Special issue: Observing atmosphere and climate with occultation techniques...

Atmos. Meas. Tech., 4, 1021-1026, 2011
https://doi.org/10.5194/amt-4-1021-2011
© Author(s) 2011. This work is distributed under
the Creative Commons Attribution 3.0 License.

Research article 09 Jun 2011

Research article | 09 Jun 2011

Processing of GRAS/METOP radio occultation data recorded in closed-loop and raw-sampling modes

M. E. Gorbunov1,2, K. B. Lauritsen2, H.-H. Benzon2, G. B. Larsen2, S. Syndergaard2, and M. B. Sørensen2 M. E. Gorbunov et al.
  • 1A. M. Obukhov Institute for Atmospheric Physics, Russian Academy of Sciences, Moscow, Russia
  • 2Danish Meteorological Institute, Copenhagen, Denmark

Abstract. Instrument GRAS (Global Navigation Satellite System Receiver for Atmospheric Sounding) on-board of the Metop-A satellite was activated on 27 October 2006. Currently, Metop-A is a fully operational satellite with GRAS providing from 650–700 occultations per day.

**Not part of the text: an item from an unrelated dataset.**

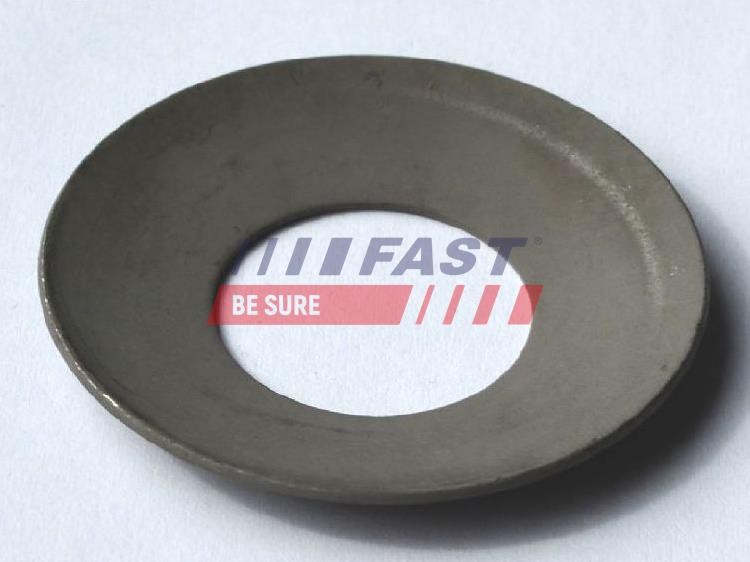 FAST FT62440 Packing Plate, drive shaft flange for IVECO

We describe our processing of GRAS data based on the modification of our OCC software, which was modified to become capable of reading and processing GRAS data. We perform a statistical comparison of bending angles and refractivities derived from GRAS data with those derived from ECMWF analyses. We conclude that GRAS data have error characteristics close to those of COSMIC data. In the height range 10–30 km, the systematic refractivity difference GRAS–ECMWF is of the order of 0.1–0.2 %, and the standard deviation is 0.3–0.6 %. In the lower troposphere GRAS refractivity and bending angle indicate a negative bias, which reaches its maximum value in the tropics. In particular the retrieved refractivity is biased by up to 2.5 %. The negative bias pattern is similar to that found in the statistical validation of COSMIC data. This makes it probable that the bias should not be attributed to the instrument design or hardware.